Pero su madre estaba viajando en el tiempo, como ella también había hecho un día. Sólo que no necesitaba catedrales en el espacio, bibliotecas subterráneas ni libros empolvados; bastaba el recuerdo de una tarde de primavera y un hombre con maletas en una escalinata.

—Hablamos durante algún tiempo. Yo tenía la tarde entera para quedarme con él, pero en cualquier momento podía llegar el mecánico. Decidí aprovechar al máximo cada segundo. Le pregunté acerca de su mundo, las excavaciones, el desafío de vivir buscando el pasado en el presente. Él me habló de guerreros, de sabios y de piratas que habitaron nuestras tierras.

»Cuando me di cuenta, el sol estaba casi en el horizonte y nunca, en toda mi vida, una tarde había pasado tan rápidamente.

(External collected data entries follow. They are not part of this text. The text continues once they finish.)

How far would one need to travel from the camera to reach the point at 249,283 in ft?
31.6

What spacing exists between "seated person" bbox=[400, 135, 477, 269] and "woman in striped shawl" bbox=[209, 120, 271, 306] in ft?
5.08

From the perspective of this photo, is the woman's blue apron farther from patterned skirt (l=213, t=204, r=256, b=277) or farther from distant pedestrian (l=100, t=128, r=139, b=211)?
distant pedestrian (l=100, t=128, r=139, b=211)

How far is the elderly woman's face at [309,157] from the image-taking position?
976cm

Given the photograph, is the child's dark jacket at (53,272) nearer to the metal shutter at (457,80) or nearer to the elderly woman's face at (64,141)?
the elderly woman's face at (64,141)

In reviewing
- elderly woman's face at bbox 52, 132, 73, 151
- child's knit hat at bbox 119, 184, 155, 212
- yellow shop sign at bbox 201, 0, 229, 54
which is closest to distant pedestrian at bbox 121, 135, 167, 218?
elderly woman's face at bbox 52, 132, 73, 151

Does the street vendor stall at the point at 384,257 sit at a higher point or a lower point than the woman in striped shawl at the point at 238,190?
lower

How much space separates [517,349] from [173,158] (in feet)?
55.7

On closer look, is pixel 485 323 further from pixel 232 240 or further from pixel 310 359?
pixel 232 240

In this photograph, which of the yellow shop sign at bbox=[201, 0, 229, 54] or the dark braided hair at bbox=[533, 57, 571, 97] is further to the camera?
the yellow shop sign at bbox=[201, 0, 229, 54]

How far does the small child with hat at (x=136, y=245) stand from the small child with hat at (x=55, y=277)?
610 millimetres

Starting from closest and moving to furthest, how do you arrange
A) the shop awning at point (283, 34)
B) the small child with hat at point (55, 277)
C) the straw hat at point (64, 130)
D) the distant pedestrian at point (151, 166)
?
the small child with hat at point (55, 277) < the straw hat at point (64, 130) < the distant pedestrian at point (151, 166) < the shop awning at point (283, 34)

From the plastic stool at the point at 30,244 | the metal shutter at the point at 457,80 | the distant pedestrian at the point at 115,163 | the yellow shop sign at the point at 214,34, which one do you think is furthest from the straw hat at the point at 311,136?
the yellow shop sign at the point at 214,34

»Entendí que él estaba sintiendo lo mismo. Continuamente me hacía preguntas para mantener la conversación y no darme tiempo de que dijera que tenía que irme. Hablaba sin parar, contaba todo lo que vivió hasta aquel día, y quería saber lo mismo de mí. Noté que sus ojos me deseaban, aun teniendo yo, en aquella época, el doble de tu edad.

»Era primavera, había un agradable olor de algo nuevo en el aire y me sentí nuevamente joven. Aquí, en los alrededores, existe una flor que sólo aparece en el otoño; pues bien, aquella tarde me sentí como esa flor. Como si, de repente, en el otoño de mi vida, cuando yo pensaba que había vivido todo lo que podía vivir, surgiese aquel hombre en la escalinata solamente para mostrarme que ningún sentimiento —como el amor, por ejemplo— envejece junto con el cuerpo. Los sentimientos forman parte de un mundo que yo no conozco, pero es un mundo donde no existe tiempo, ni espacio, ni fronteras.

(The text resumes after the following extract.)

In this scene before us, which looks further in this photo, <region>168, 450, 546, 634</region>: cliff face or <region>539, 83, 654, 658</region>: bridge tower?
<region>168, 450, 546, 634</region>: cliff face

Permaneció algún tiempo en silencio. Sus ojos continuaban distantes, en aquella primavera.

—Allí estaba yo, como una adolescente de 38 años, sintiéndome de nuevo deseada. Él no quería que me fuese. Hasta que llegó un momento en que dejó de hablar. Miró en el fondo de mis ojos y sonrió. Como si hubiese entendido con su corazón lo que yo estaba pensando y quisiera decirme que sí, que era verdad, que yo era muy importante para él. Nos quedamos algún tiempo callados y después nos despedimos. El mecánico no había llegado.

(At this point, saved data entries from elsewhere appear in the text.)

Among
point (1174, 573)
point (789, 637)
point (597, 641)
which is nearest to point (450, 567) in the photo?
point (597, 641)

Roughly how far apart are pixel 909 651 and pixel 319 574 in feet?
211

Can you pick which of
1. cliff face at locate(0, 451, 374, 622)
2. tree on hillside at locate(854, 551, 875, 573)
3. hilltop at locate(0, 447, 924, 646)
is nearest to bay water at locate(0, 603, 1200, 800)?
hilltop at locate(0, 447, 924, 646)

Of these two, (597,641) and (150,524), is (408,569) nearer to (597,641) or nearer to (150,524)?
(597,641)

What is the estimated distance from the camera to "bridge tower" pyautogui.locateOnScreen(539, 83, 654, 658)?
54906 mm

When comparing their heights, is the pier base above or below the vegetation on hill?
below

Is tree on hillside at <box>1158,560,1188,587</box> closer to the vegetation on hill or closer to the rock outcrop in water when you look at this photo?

»Durante muchos días pensé si aquel hombre había existido de verdad, o si era un ángel que Dios había enviado para mostrarme las lecciones secretas de la vida. Al final, concluí que era realmente un hombre. Un hombre que me había amado, aunque fuera sólo por una tarde, y que en esa tarde me entregó todo lo que había guardado durante toda su vida, sus luchas, sus éxtasis, sus dificultades y sus sueños. También yo me entregué por completo aquella tarde; fui su compañera, esposa, oyente, amante. En unas horas, pude sentir el amor de toda una vida.